• _Data_:
==================================================

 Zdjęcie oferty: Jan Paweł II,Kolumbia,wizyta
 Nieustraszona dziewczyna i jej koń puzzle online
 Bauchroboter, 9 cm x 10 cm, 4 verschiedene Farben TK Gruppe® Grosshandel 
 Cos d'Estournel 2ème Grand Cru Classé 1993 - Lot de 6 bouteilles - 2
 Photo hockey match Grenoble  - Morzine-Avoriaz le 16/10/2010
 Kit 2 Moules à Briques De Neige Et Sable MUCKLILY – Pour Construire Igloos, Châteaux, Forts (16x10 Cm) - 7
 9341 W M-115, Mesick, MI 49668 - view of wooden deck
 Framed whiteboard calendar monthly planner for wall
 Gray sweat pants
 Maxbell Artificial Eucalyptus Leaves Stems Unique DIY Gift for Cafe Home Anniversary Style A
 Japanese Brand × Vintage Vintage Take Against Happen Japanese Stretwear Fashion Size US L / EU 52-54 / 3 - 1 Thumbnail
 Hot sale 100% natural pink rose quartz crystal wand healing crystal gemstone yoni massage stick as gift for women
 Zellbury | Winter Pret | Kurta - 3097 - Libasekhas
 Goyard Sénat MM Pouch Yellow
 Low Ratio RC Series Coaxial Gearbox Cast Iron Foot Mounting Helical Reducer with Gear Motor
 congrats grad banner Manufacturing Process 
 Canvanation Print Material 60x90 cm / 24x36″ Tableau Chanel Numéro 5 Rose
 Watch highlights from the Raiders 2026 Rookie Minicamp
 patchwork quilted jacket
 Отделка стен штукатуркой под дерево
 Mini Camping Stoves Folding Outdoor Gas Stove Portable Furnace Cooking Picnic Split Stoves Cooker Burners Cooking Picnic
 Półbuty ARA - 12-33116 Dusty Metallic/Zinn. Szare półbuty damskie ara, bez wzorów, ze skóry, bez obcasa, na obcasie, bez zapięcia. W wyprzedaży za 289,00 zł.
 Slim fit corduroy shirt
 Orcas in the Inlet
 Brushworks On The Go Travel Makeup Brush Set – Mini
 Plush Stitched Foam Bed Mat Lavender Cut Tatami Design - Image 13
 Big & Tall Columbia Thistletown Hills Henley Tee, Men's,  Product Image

==================================================

• _Requirement_: Please return all of the entries exactly as they were given.

• _Output_:
 Zdjęcie oferty: Jan Paweł II,Kolumbia,wizyta
 Nieustraszona dziewczyna i jej koń puzzle online
 Bauchroboter, 9 cm x 10 cm, 4 verschiedene Farben TK Gruppe® Grosshandel 
 Cos d'Estournel 2ème Grand Cru Classé 1993 - Lot de 6 bouteilles - 2
 Photo hockey match Grenoble  - Morzine-Avoriaz le 16/10/2010
 Kit 2 Moules à Briques De Neige Et Sable MUCKLILY – Pour Construire Igloos, Châteaux, Forts (16x10 Cm) - 7
 9341 W M-115, Mesick, MI 49668 - view of wooden deck
 Framed whiteboard calendar monthly planner for wall
 Gray sweat pants
 Maxbell Artificial Eucalyptus Leaves Stems Unique DIY Gift for Cafe Home Anniversary Style A
 Japanese Brand × Vintage Vintage Take Against Happen Japanese Stretwear Fashion Size US L / EU 52-54 / 3 - 1 Thumbnail
 Hot sale 100% natural pink rose quartz crystal wand healing crystal gemstone yoni massage stick as gift for women
 Zellbury | Winter Pret | Kurta - 3097 - Libasekhas
 Goyard Sénat MM Pouch Yellow
 Low Ratio RC Series Coaxial Gearbox Cast Iron Foot Mounting Helical Reducer with Gear Motor
 congrats grad banner Manufacturing Process 
 Canvanation Print Material 60x90 cm / 24x36″ Tableau Chanel Numéro 5 Rose
 Watch highlights from the Raiders 2026 Rookie Minicamp
 patchwork quilted jacket
 Отделка стен штукатуркой под дерево
 Mini Camping Stoves Folding Outdoor Gas Stove Portable Furnace Cooking Picnic Split Stoves Cooker Burners Cooking Picnic
 Półbuty ARA - 12-33116 Dusty Metallic/Zinn. Szare półbuty damskie ara, bez wzorów, ze skóry, bez obcasa, na obcasie, bez zapięcia. W wyprzedaży za 289,00 zł.
 Slim fit corduroy shirt
 Orcas in the Inlet
 Brushworks On The Go Travel Makeup Brush Set – Mini
 Plush Stitched Foam Bed Mat Lavender Cut Tatami Design - Image 13
 Big & Tall Columbia Thistletown Hills Henley Tee, Men's,  Product Image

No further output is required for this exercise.